(Scraped caption text data)
________________

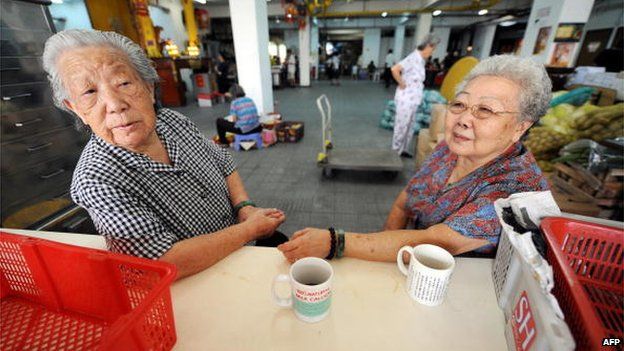 This photo taken on 14 April 2008 shows two elderly volunteers taking a break at the Singapore Buddhist Lodge where free vegetarian meals are served daily in Singapore.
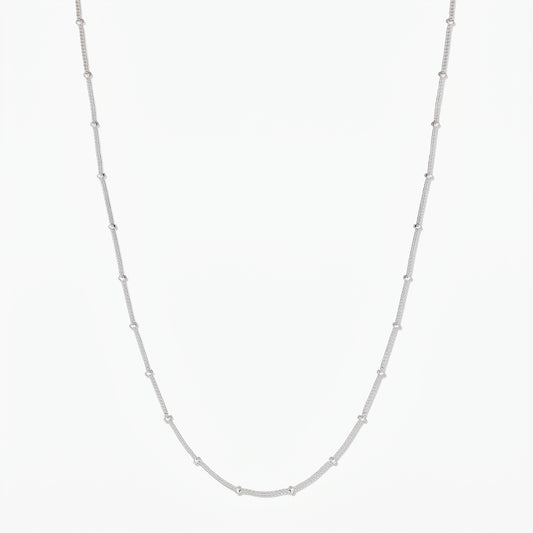 Full-length product image of a sterling silver beaded chain necklace on a white background.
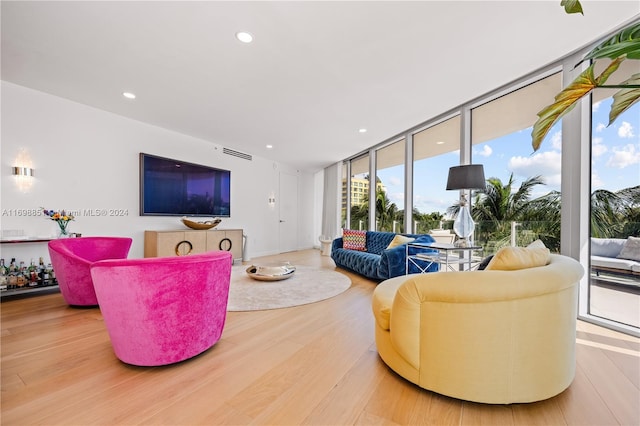 living room with hardwood / wood-style flooring and a wall of windows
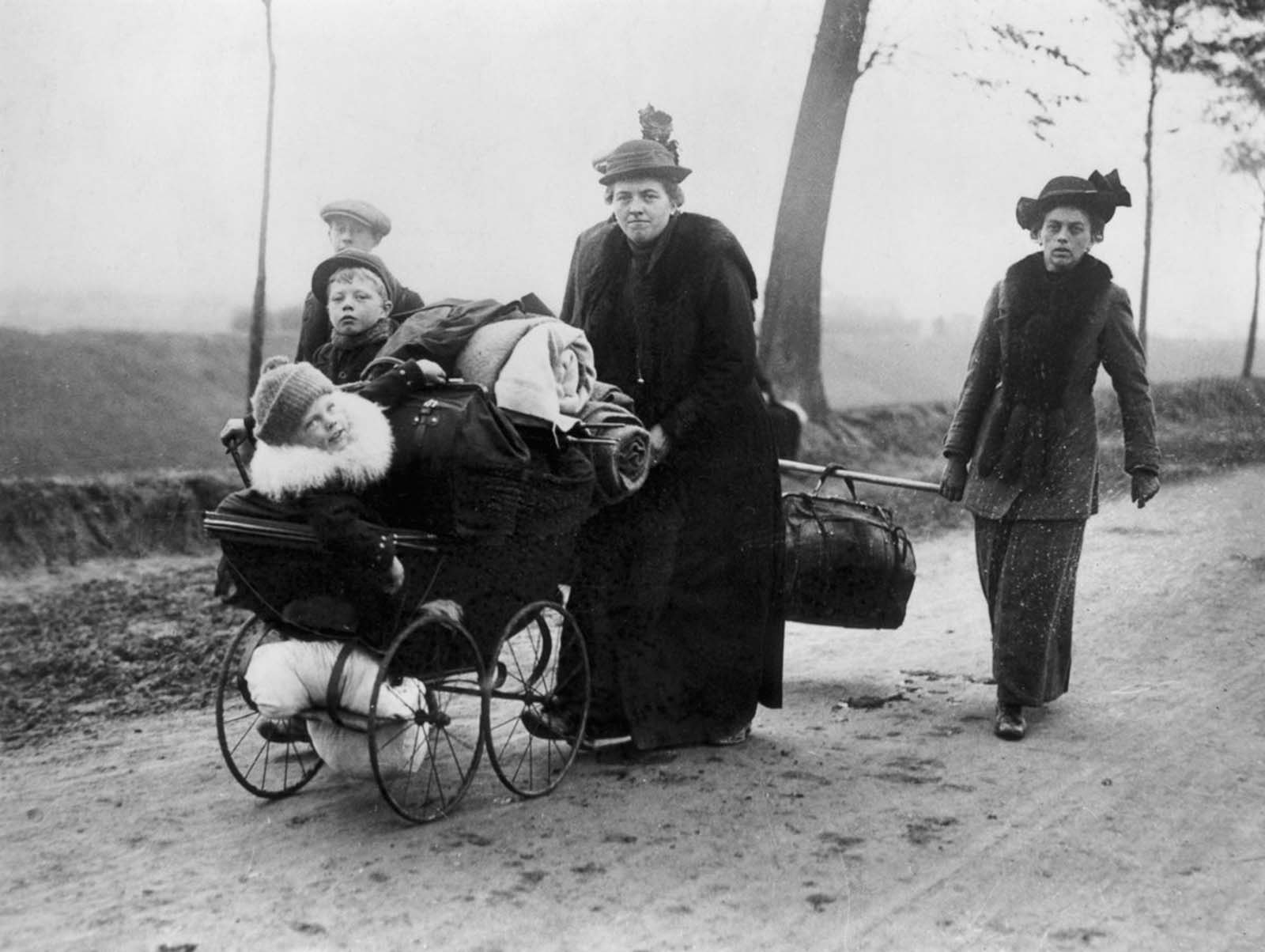 Belgian refugees carry their belongings ahead of invading troops through Northern France. 1914.
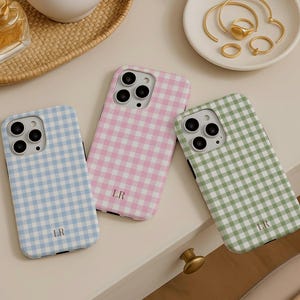 Puede incluir: Tres fundas para smartphone con un patrón de cuadros vichy en azul claro, rosa y verde salvia. Cada funda tiene un recorte para la cámara y las iniciales LR impresas en una fuente pequeña y oscura en la parte inferior central.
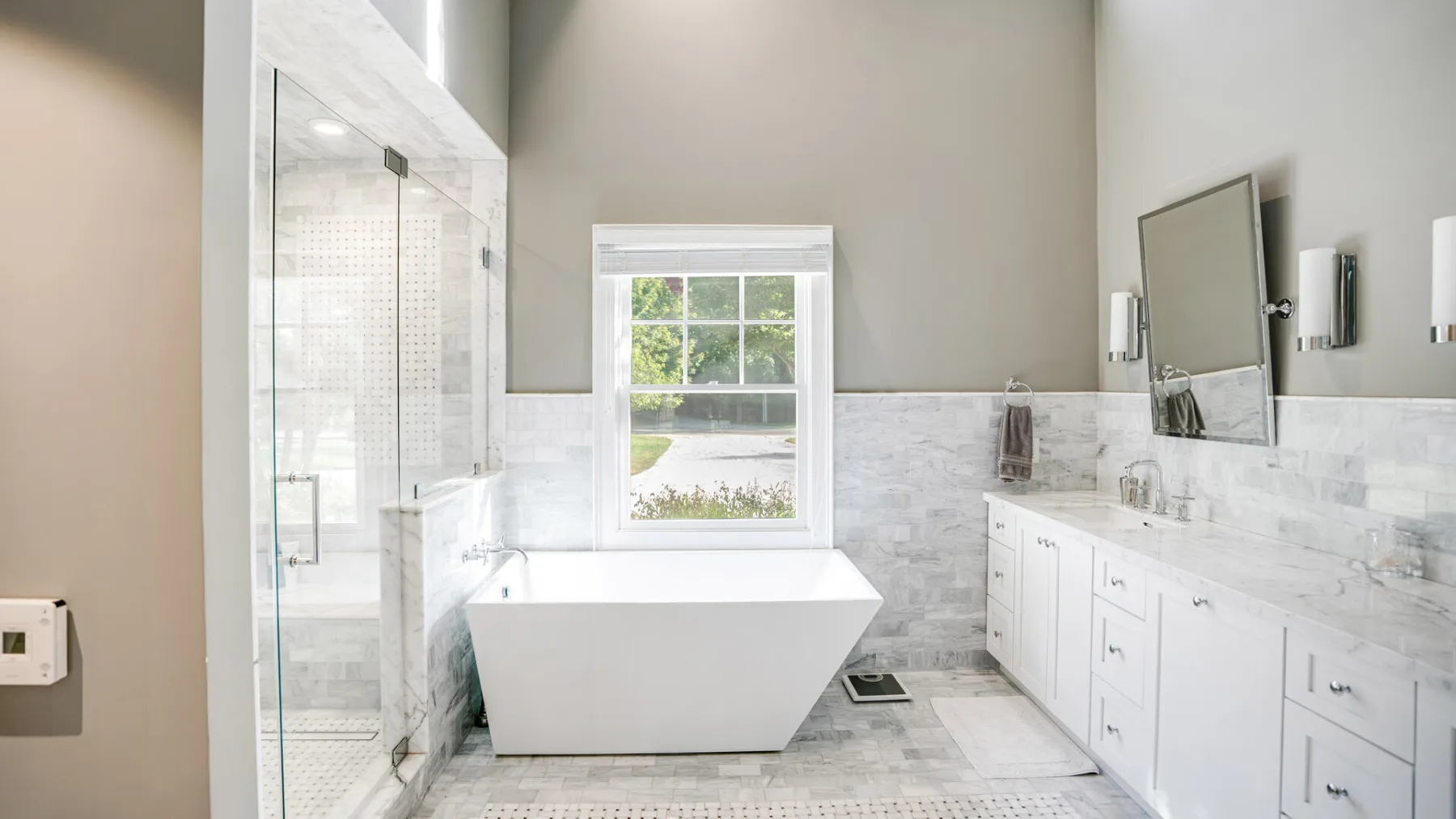 A bright bathroom with a freestanding bathtub, glass shower, and long vanity.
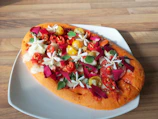 A vibrant plate of fusion pizza-prata topped with fresh herbs and spices.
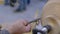 Close up: carpenter using chisel for shaping piece of wood on lathe: slow motion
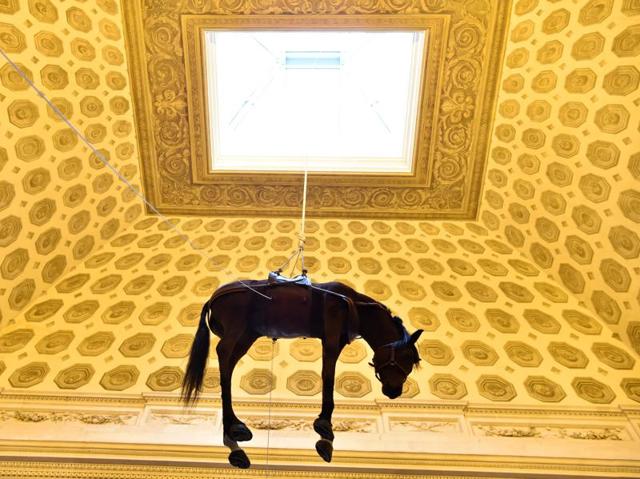 He made his name with his playful and subversive works. A hanging horse by Cattelan as part of his Paris exhibition on October 17, 2016. (AFP)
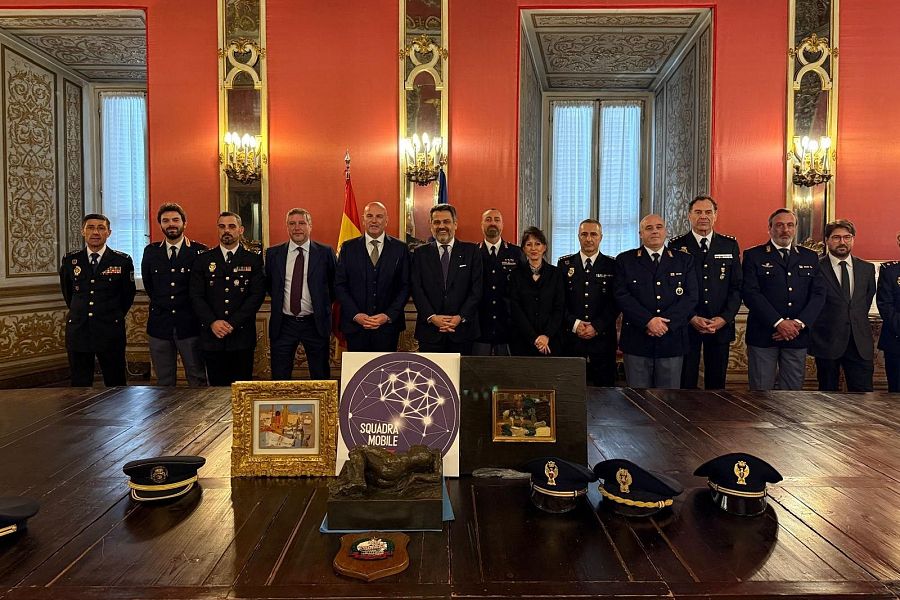 Entrega oficial de tres obras de arte recuperadas: dos pinturas y una escultura.  Participan autoridades españolas e italianas, en una sala con banderas de ambos países.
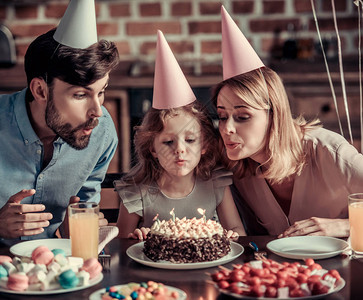 快乐的父母和女儿在生日庆祝活动期间坐在装饰厨房的桌子旁图片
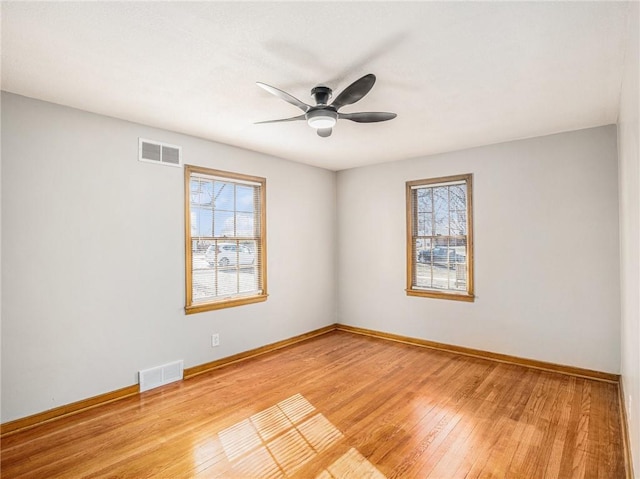 spare room with hardwood / wood-style flooring, baseboards, and visible vents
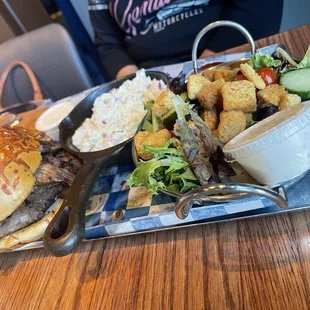 Sliced Brisket Sandwich with potato salad and a salad.
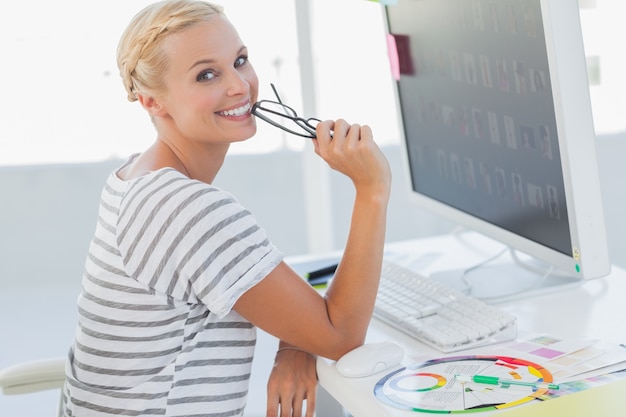 Attractive photo editor at her desk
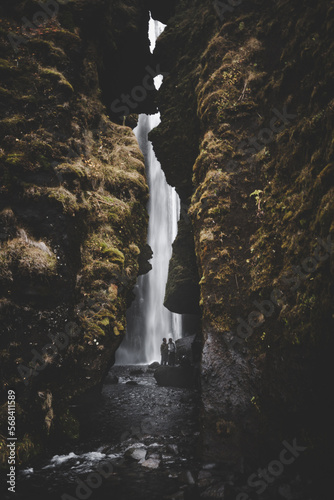 Grotto of a waterfall in iceland with walls covered in moss and two people in the background by the water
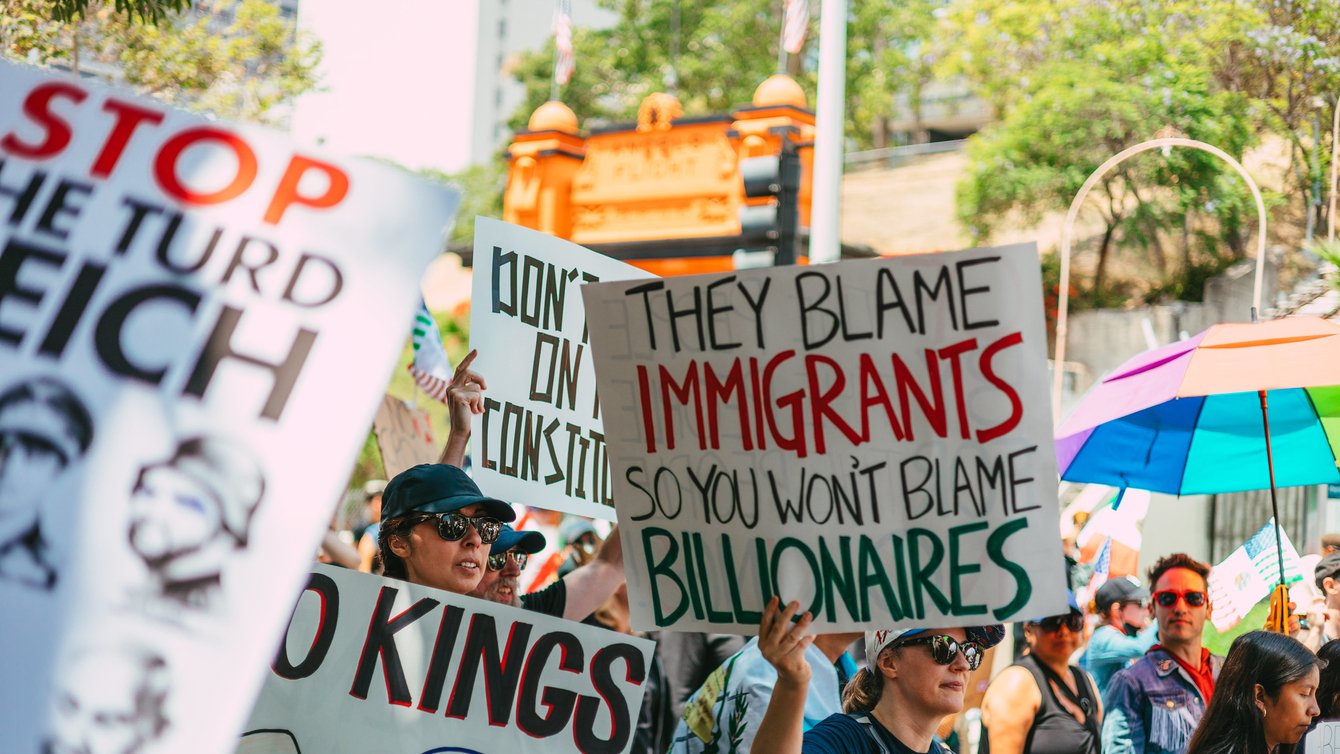 A protestor holding a sign saying "The blame immigrants so you won't blame billionaires"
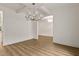 Large dining room with a unique modern chandelier and white walls at 1218 Red Cedar Ct, Youngsville, NC 27596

________________

Task: Because only one stretch of the records is wanted, please output the lines from the one holding "Sliced Brisket Sandwich" through the one holding "Grotto of a" exactly, both included, and leave every picture out.

Solution to the problem:
 Sliced Brisket Sandwich with potato salad and a salad.
 Attractive photo editor at her desk
 Grotto of a waterfall in iceland with walls covered in moss and two people in the background by the water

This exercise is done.